WHAT THE TASK ASKS: The listing below holds pictures; exclude them. Return exactly the lines from the one with "Poster German bunkers" through the one with "Image of NEW".

MATERIAL PROVIDED:

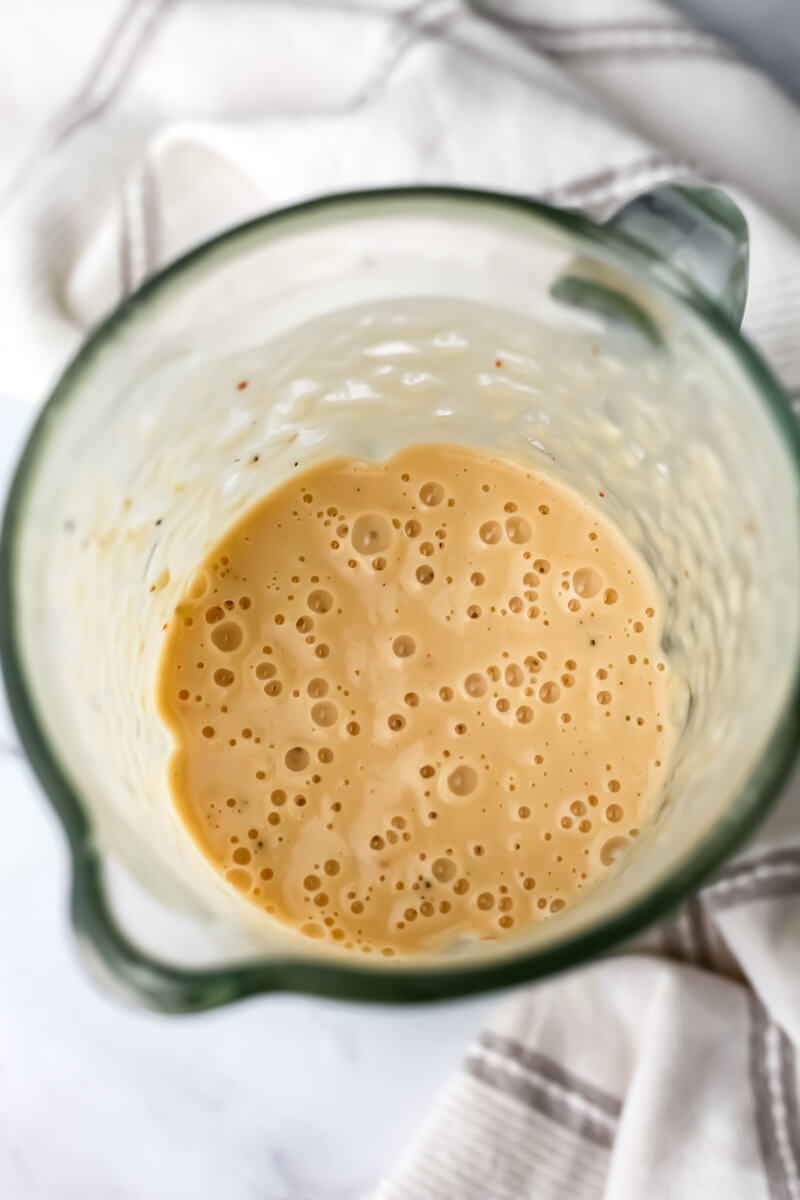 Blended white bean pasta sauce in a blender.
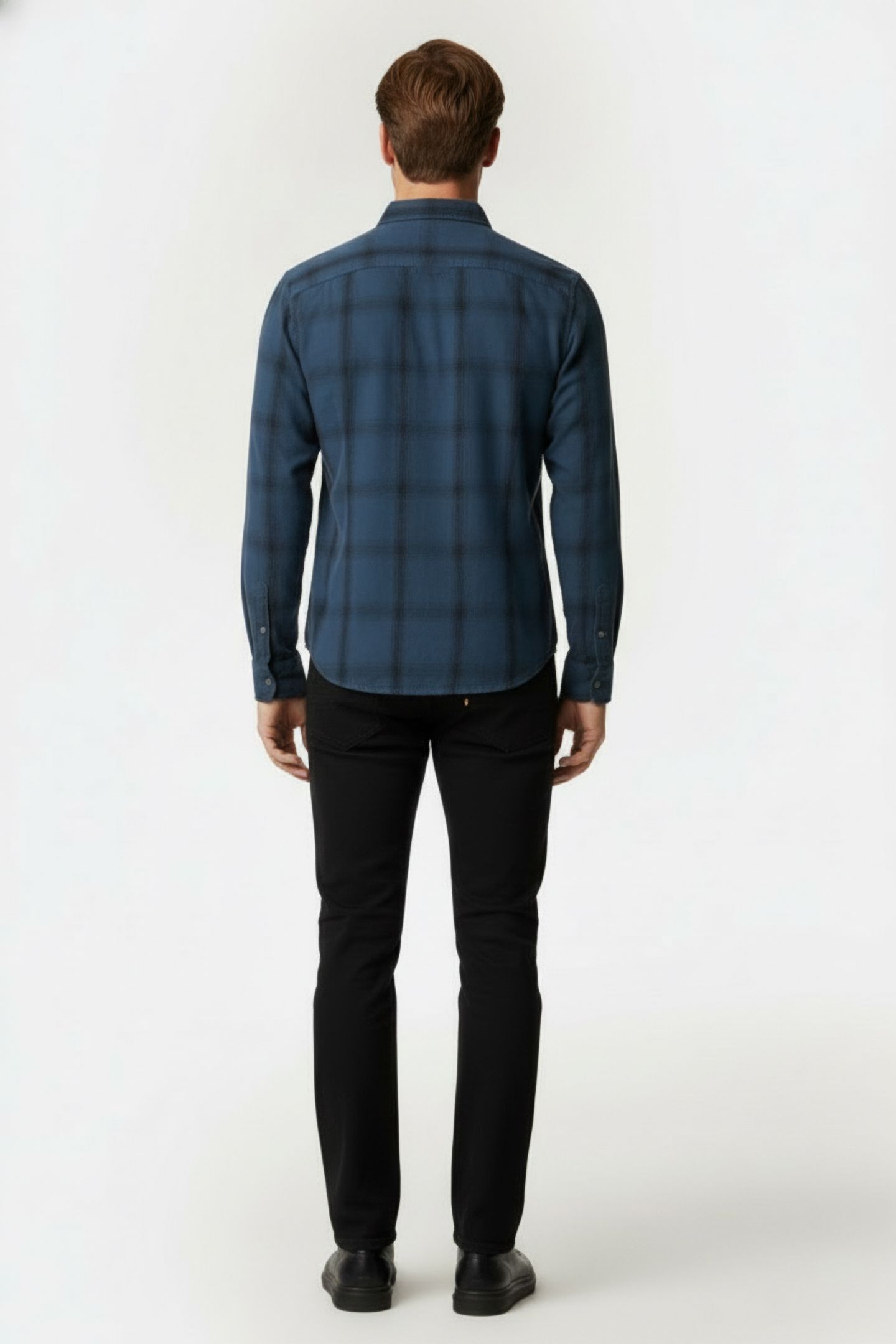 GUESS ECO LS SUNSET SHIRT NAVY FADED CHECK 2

--

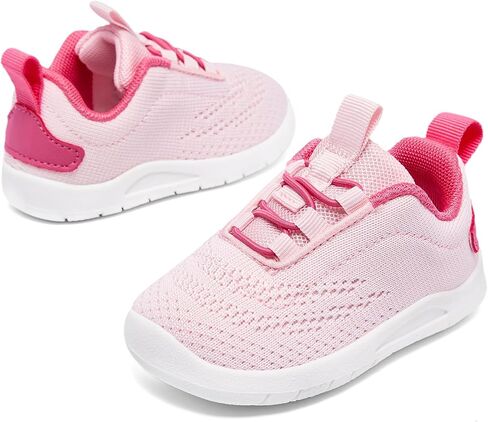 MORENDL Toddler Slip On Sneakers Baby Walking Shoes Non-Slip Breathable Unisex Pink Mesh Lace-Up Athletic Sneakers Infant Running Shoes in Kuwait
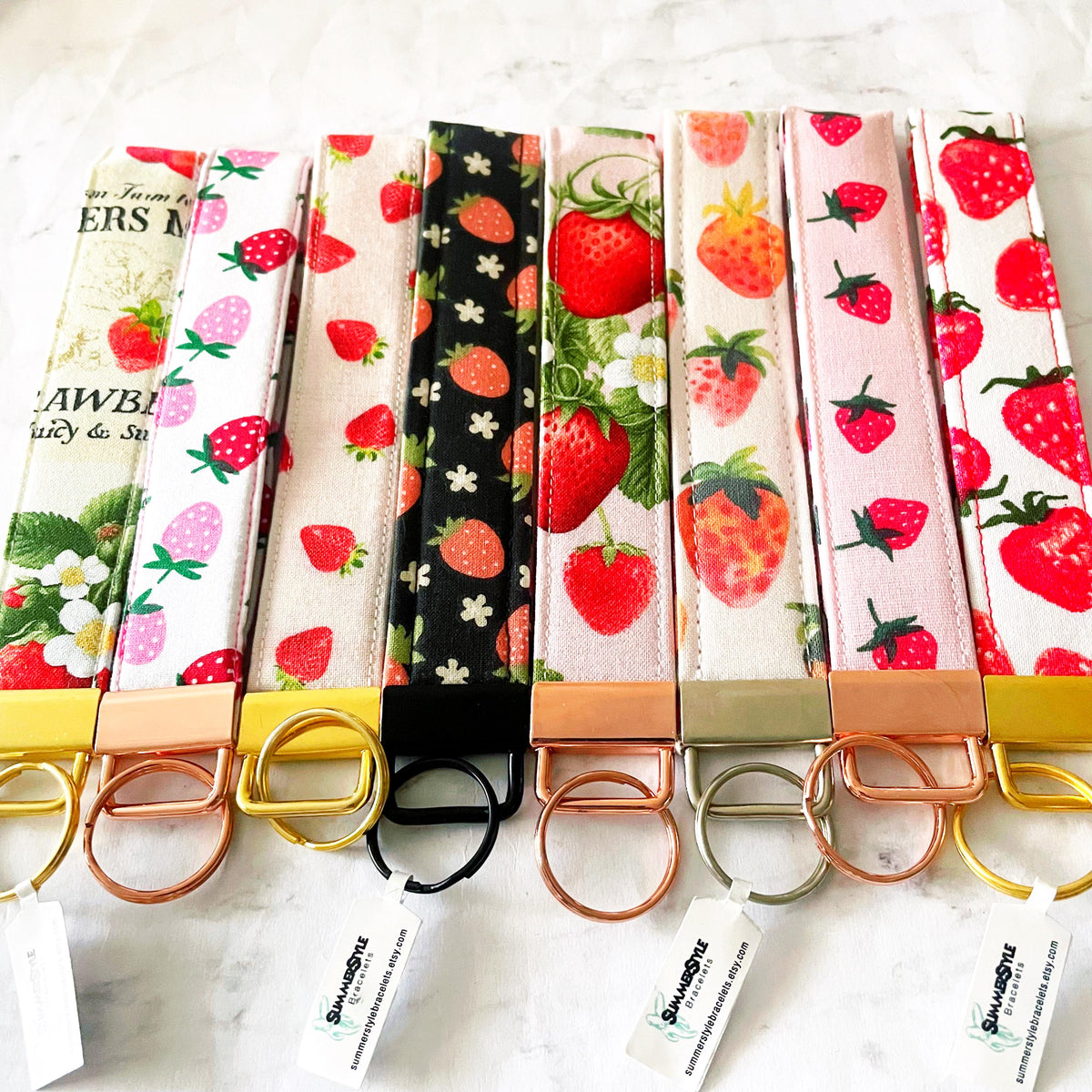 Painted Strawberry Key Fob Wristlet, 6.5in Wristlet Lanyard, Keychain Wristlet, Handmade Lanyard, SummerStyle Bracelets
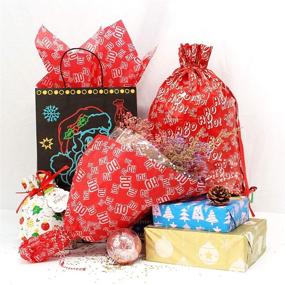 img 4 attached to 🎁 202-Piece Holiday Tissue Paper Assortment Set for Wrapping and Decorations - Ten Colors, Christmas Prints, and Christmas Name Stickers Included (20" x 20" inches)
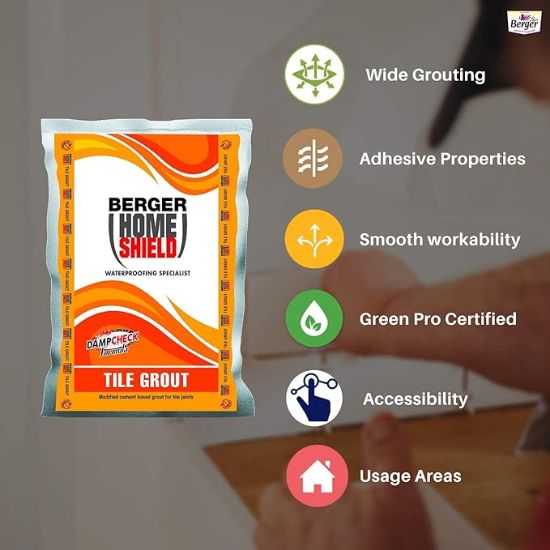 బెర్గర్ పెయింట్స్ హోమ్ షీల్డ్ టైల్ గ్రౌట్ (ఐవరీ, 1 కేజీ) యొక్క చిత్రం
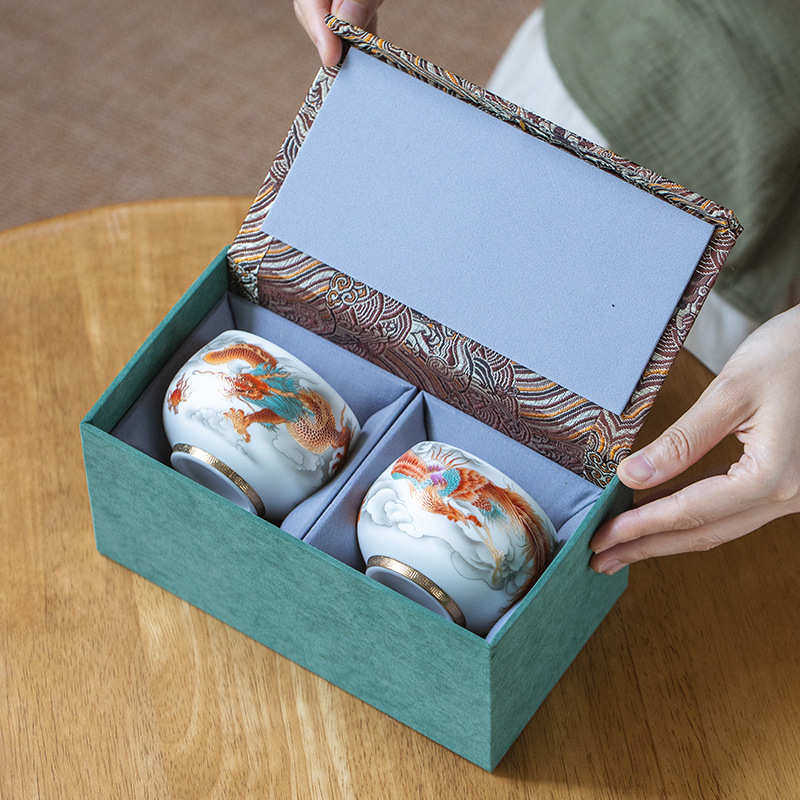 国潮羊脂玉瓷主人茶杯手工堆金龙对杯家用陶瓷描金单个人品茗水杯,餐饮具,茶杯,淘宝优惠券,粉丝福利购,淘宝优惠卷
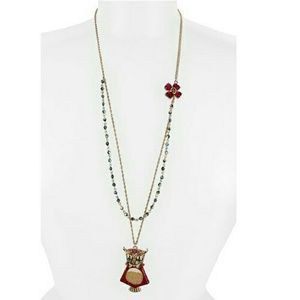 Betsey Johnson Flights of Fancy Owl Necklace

---

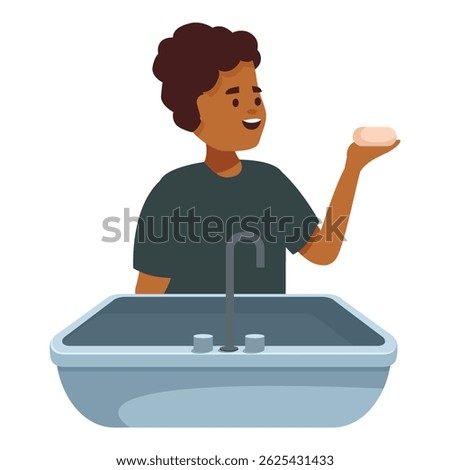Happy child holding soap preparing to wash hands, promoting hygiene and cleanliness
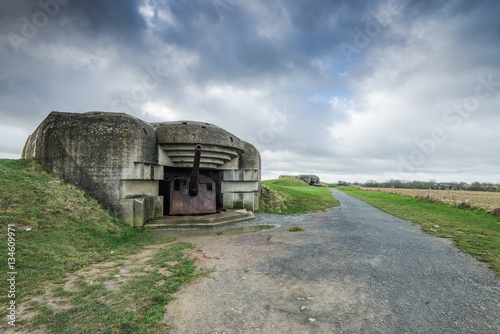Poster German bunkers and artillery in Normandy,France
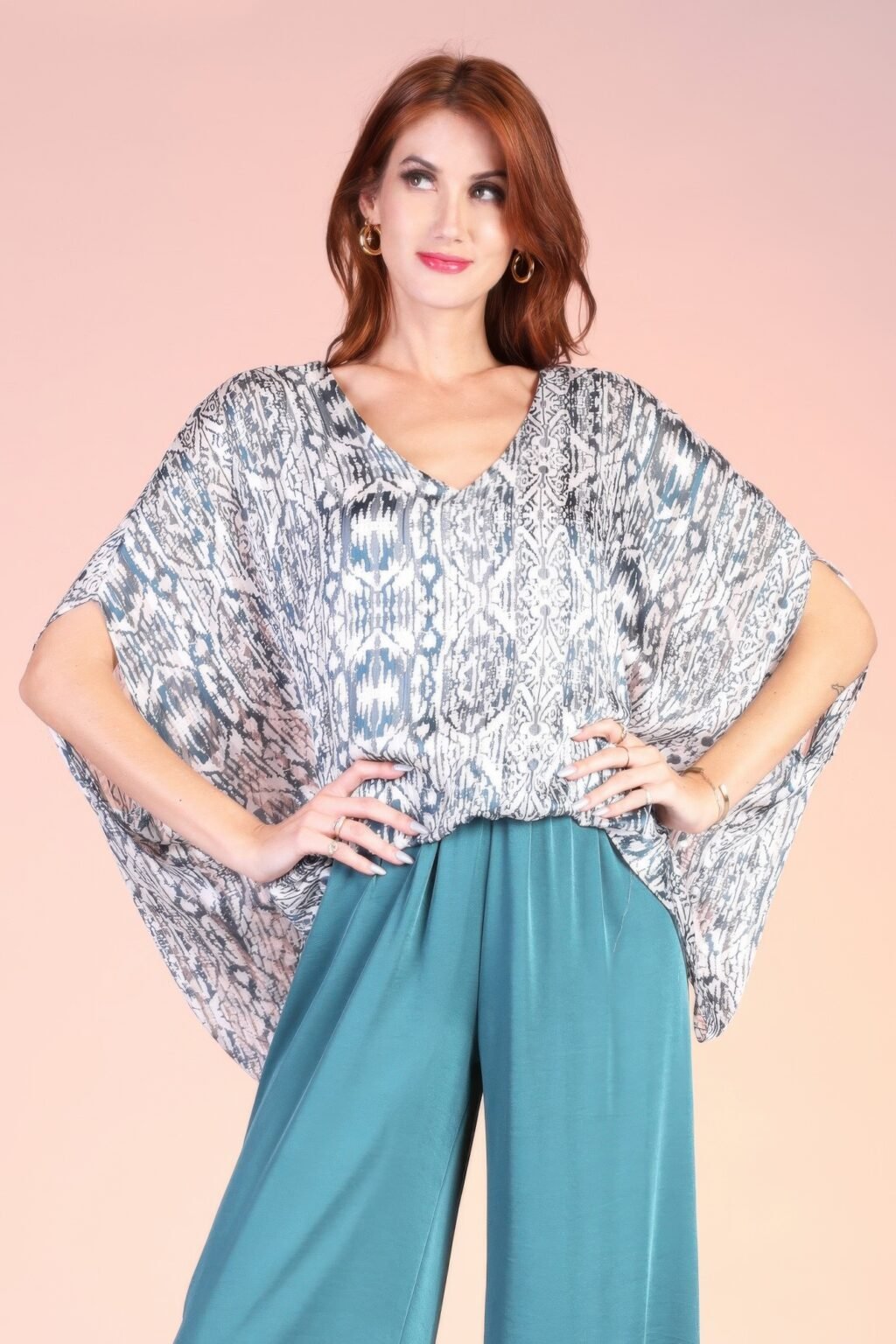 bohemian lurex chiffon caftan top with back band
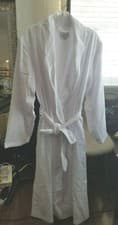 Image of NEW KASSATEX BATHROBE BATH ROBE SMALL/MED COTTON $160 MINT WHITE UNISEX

RESULT:
Poster German bunkers and artillery in Normandy,France
 bohemian lurex chiffon caftan top with back band
 Image of NEW KASSATEX BATHROBE BATH ROBE SMALL/MED COTTON $160 MINT WHITE UNISEX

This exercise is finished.